The following five-point process can be adapted to almost any type of nonprofit. First used in the New Hampshire Small Business Development Center, this outline can also be used as a format for strategic and action plans.  

  • Mission – The first step is to review the proposed project in light of the mission. Does it fall within the mission? Will it create positive impact for clients? Is it a logical fit for existing programs or services? Define the project as thoroughly as possible, including scope, timeline and deliverables. Be sure it fulfills existing, emerging or unmet client needs. Regarding competing opportunities, where does this one fall in terms of impact and leverage of existing efforts?
  • Partnerships – Partners, whether funders, stakeholders, agencies, universities or peer organizations, are essential to nonprofit success. They bring opportunity, diverse skill sets, credibility and complementary activities. Evaluate the project in light of partnerships, both those already involved and possible new ones. Will the project strengthen or erode partnerships? If the opportunity is presented by another entity, evaluate how working with that partner will affect existing key relationships.
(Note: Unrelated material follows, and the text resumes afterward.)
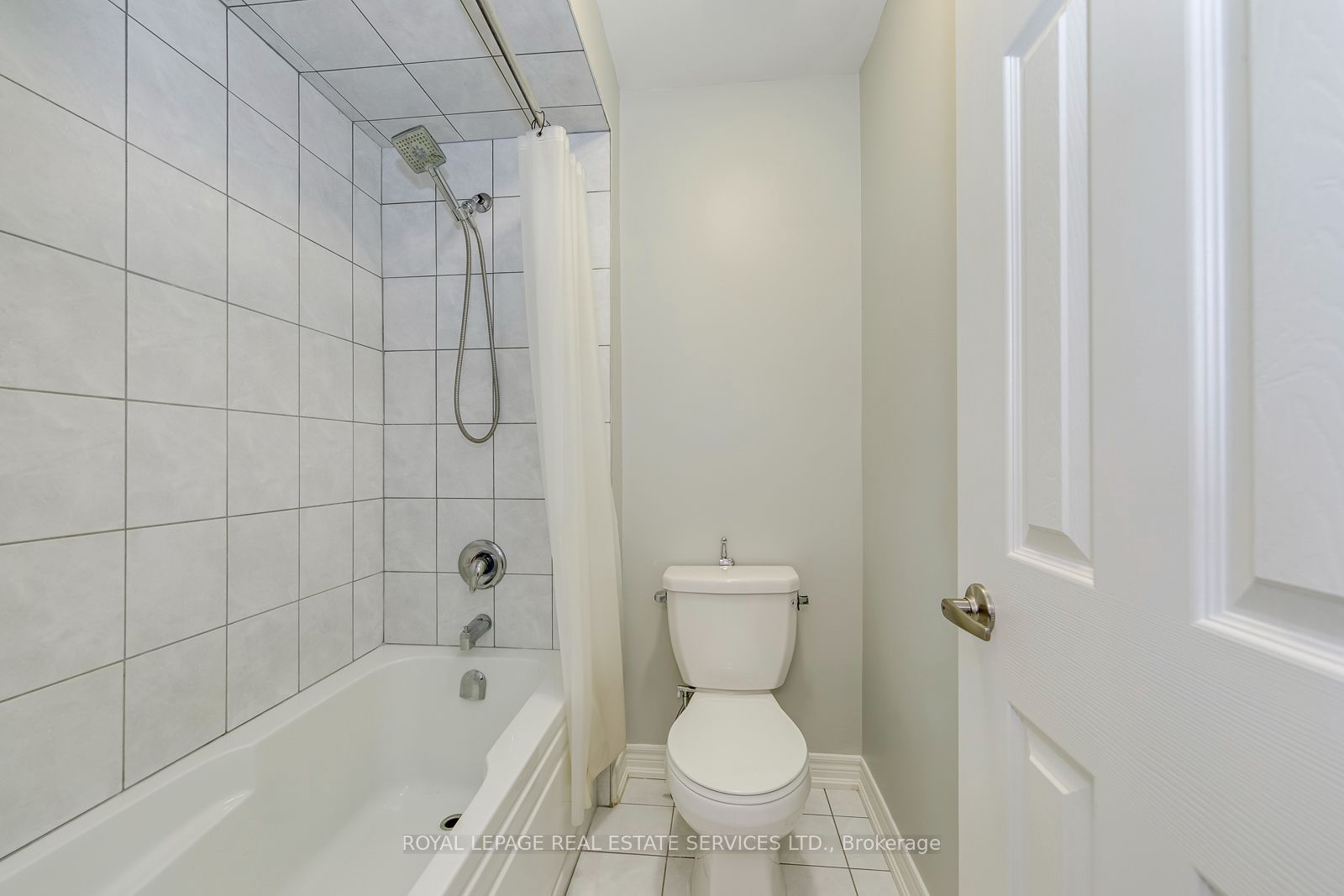 486 Silver Maple Road Property Photo 39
  • Funding – Develop a budget for the project. Will additional staff or contractors be needed? Where will funding come from? Consider sustainability – i.e., keeping the project going once initial funding is gone. Be wary of hidden administrative and management costs. Each new project costs the organization in time and money. The net gain should be positive. If it isn’t, but the project is impossible to refuse, then at least the decision can be made understanding the true cost. In the best case, the project opens up new appropriate and mission-supportive funding avenues and long-term relationships.
  • Organizational impact – Identify the staff and other organizational resources needed to implement the project. Does existing staff have time or will new people or contractors be needed? Does the staff have the interest and expertise needed? Yes, people can be assigned but reluctant stewardship of a project is a ticket to underperformance and failure. Evaluate the proposed project in terms of organizational development goals. Is it the direction the organization wants to go? Is it innovative? How will it position the organization among peers and with the board and funding sources?
  • Communication and implementation – Implementing a new project requires communication – among staff, to clients and with partners. Evaluate the communication strategy and commitment needed to make the project a success. Will the organization be able to adequately communicate, promote and report on the project?

​These guidelines are suggestions, and each organization should identify its own specific criteria for project acceptance, further study or rejection. By creating a systematic process with the mission in mind, the projects with the best fit will be easily identified.